Nirmala Sitharaman To India Inc.: ‘Pray, Please Wake Up The Animal Instinct’
The Budget 2019 has shown that there is no inaction on the government’s part, says Finance Minister Nirmala Sitharaman.
Finance Minister Niramala Sitharaman on Monday called upon Corporate India to awaken India’s “animal instinct”, saying the Union Budget 2019-20 and the central government is giving enough incentives to boost the Indian economy.
The government recognises the role India Inc. has to play and is taking action—both on the liquidity and insolvency front—in consultation with the Reserve Bank of India, and in efforts to drive consumption, she said in a budget round table with India Today TV.
“A situation for which the government is not responsible—governance issues, liquidity issues or solvency issues—brought a little crisis before us,” Sitharaman said. “Even for that I have offered a solution, working together with the Reserve Bank of India.”
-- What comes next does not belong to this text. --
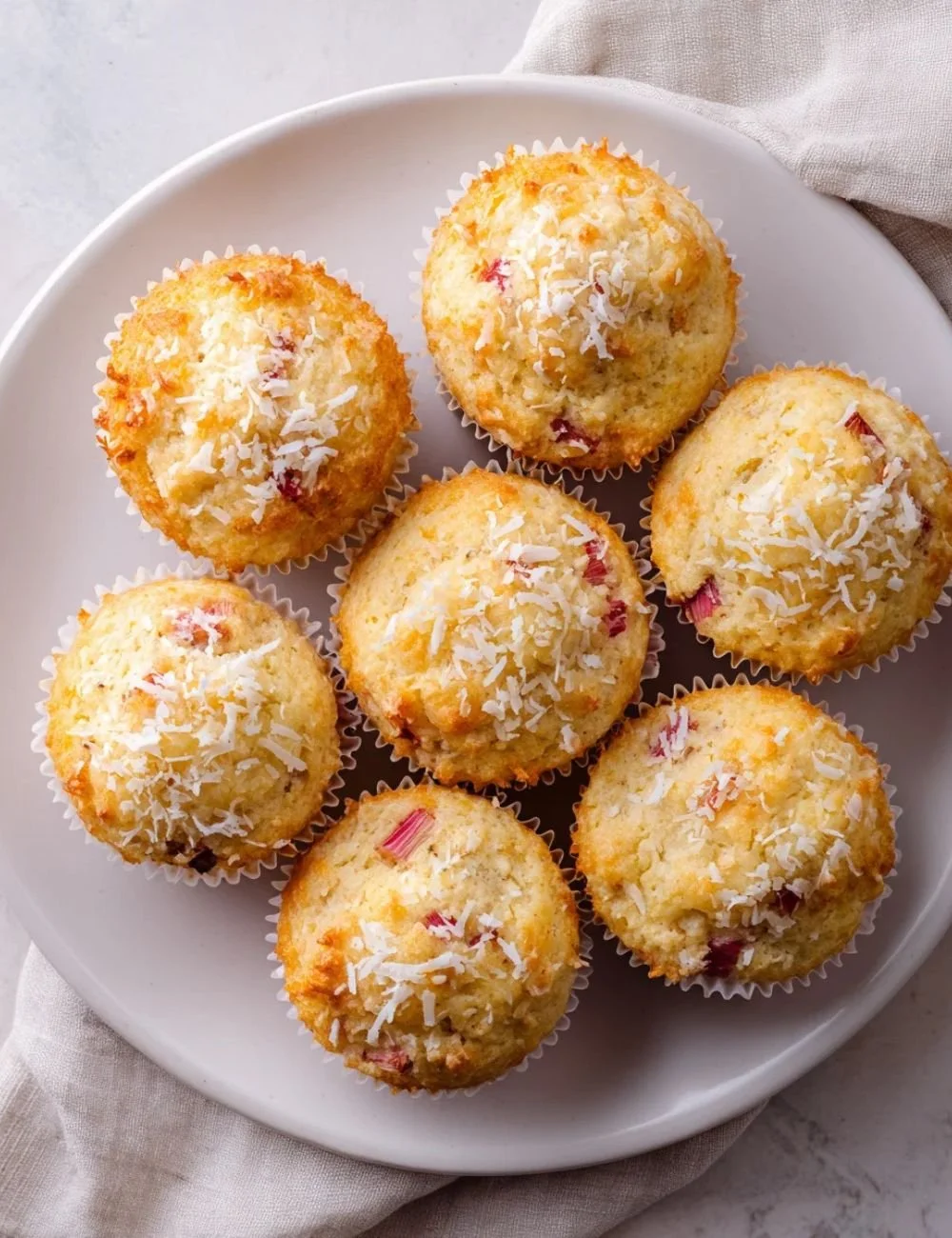 Best Rhubarb Coconut Muffins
Not just liquidity, the Indian economy itself showed signs of fragility in the first quarter of 2019 with growth in the country’s gross domestic product slowing to a five-year low of 5.8 percent. Sale of passengers vehicles fell for the seventh straight month in May, highlighting the sluggish consumer spending while tractor sales also reflected a similar picture. The Nikkei Services PMI Index fell to its weakest level in 12 months in May. That was however, offset by a faster pace of expansion in manufacturing activity.
While the government has chosen to stick to fiscal prudence, it is not going to water down on its infrastructure commitments, Sitharaman said, adding that the intention of driving consumption is also implicit in the budget. “Pray, please wake up the animal instinct.”
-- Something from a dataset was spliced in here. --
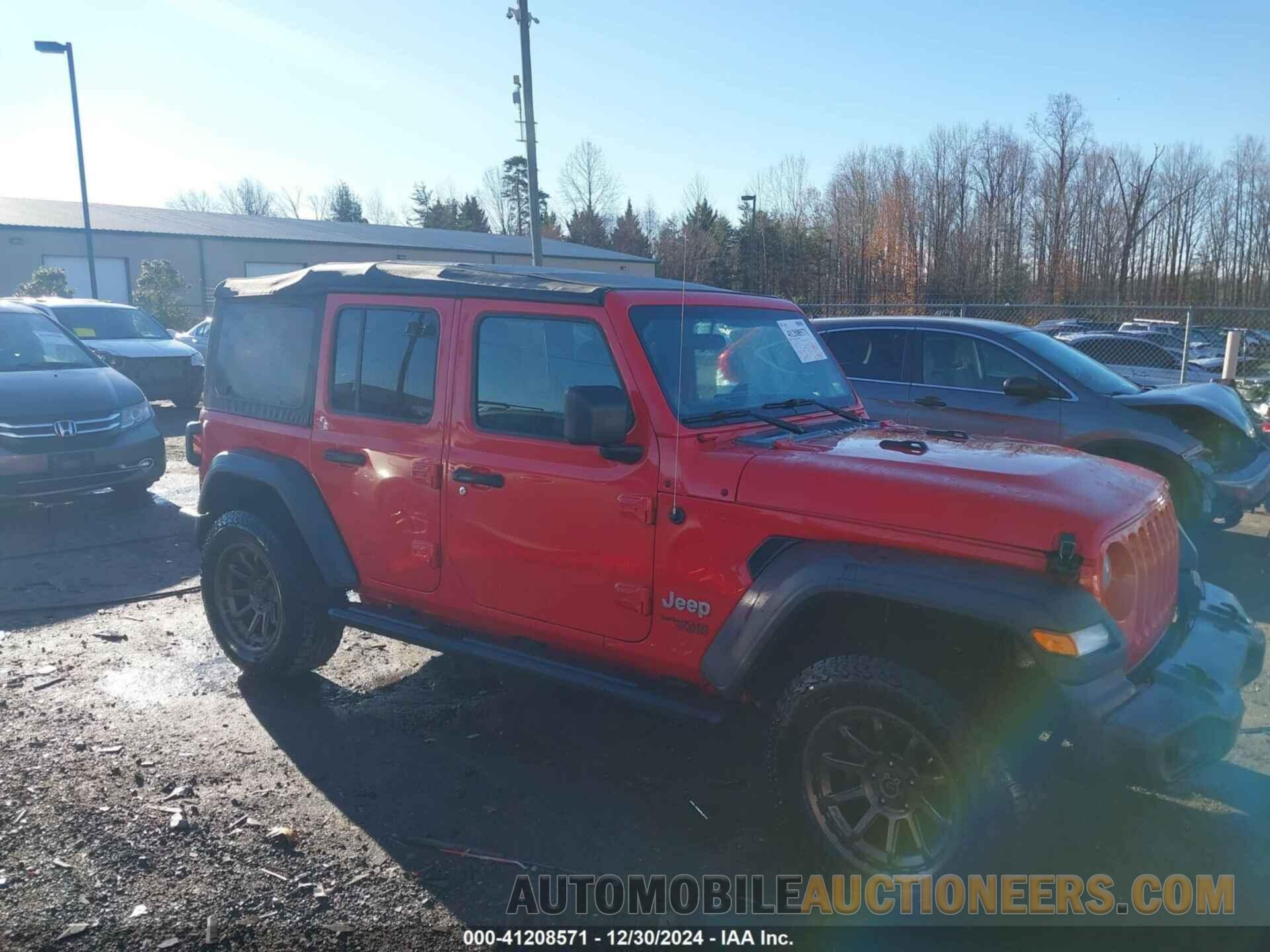 1C4HJXDG2LW341045 JEEP WRANGLER UNLIMITED 2020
The government has allotted Rs 100 lakh crore over the next five years to build roads, highways, Bharatmala, Sagarmala and other infrastructure projects.
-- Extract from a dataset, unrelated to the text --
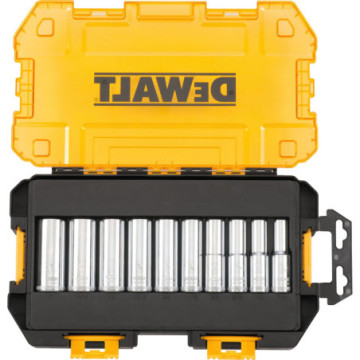 DWMT73814 JUEGO 10 DADOS CROMADOS 1/2 C/ESTUCHE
India is using the same golden path it has followed earlier—using infrastructure spending, rural schemes, adopting technology—to put money in the hands of the people, she said. “Consumption from the point of view of investment in infrastructure, consumption from the other end of putting money into the people’s hands, consumption also to make sure the institutions which are the ones which are facilitating credit are all doing it.”
On Taxing The ‘Super Rich’
The union budget introduced a higher tax on those earning more than Rs 2 crore, urging India’s wealthy to make a larger contribution to the nation’s growth.
Sitharaman urged the “super-rich” to keep their business in India and restart a conversation with the ministry at a later time when income is more equitable.
“Ultimately this country needs a little bit more contributions from all of us. I am certainly not in agreement with people who tell me this is 'robbing Peter to pay Paul'. No, sorry. You are a part of this country and you might have to for some more time bear with a not-so-equitable tax structure,” said Sitharaman.
- Government will work on separating the politics from the economics for power tariffs.
- Look forward to “positive engagement” with the RBI.
- Government and RBI has had many discussions on development financing and will work on solutions to bring it back.
- Government will work on reducing corporate tax at the earliest.
- Institutions like the Confederation of Indian Industry, and others, need to focus on working with the states.
- Dealing with the armed forces was simpler than dealing with corporate India, with due respect to the challenges presented by both portfolios.
- Revenue and divestment target is not unrealistic.
- No other government has been imaginative enough to use various methods to put a stop on wastage of tax money.